● **Task description**: The listing below has to be output exactly as given, less its pictures.

** Opening Source data block **

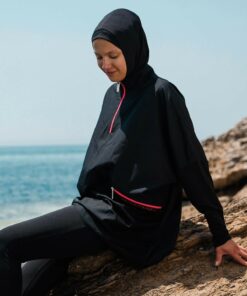 مایو اسلامی پوشیده کامل طرح‎دار جیبدار مشکی برند Marina کد 1729464870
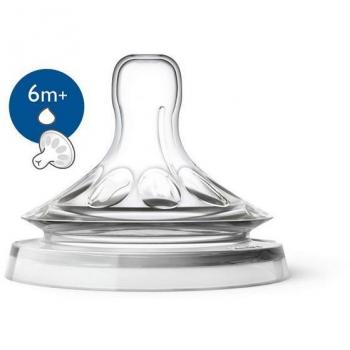 Philips Avent SCF046/27 Natural Tetinas para Líquidos Espesos, 6 meses+, Pack de 2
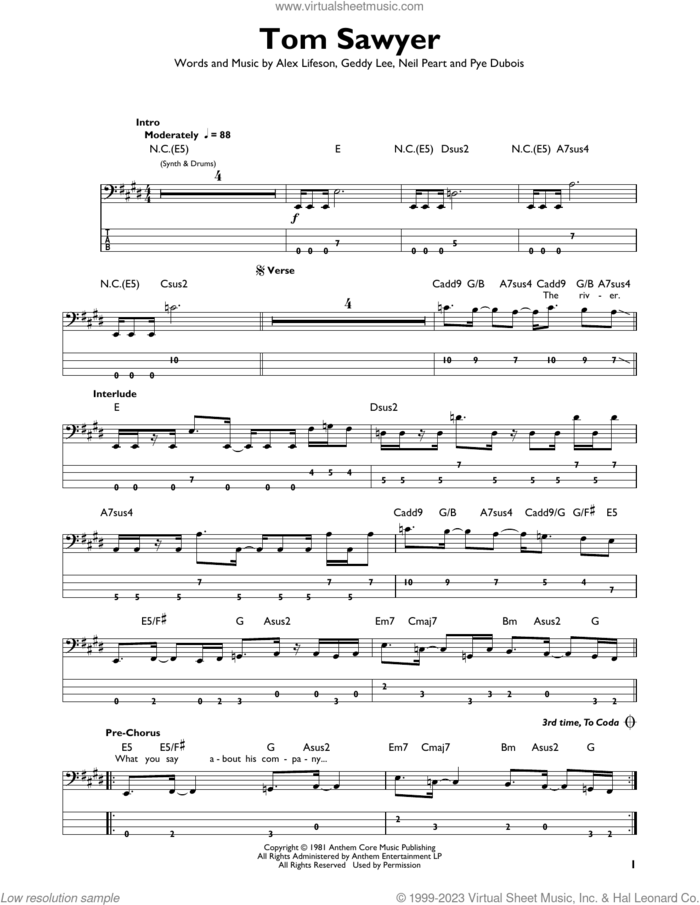 Tom Sawyer sheet music for bass solo by Rush, Alex Lifeson, Geddy Lee, Neil Peart and Pye Dubois, intermediate skill level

** Closing Source data block **

● **Solution to the exercise**:
 مایو اسلامی پوشیده کامل طرح‎دار جیبدار مشکی برند Marina کد 1729464870
 Philips Avent SCF046/27 Natural Tetinas para Líquidos Espesos, 6 meses+, Pack de 2
 Tom Sawyer sheet music for bass solo by Rush, Alex Lifeson, Geddy Lee, Neil Peart and Pye Dubois, intermediate skill level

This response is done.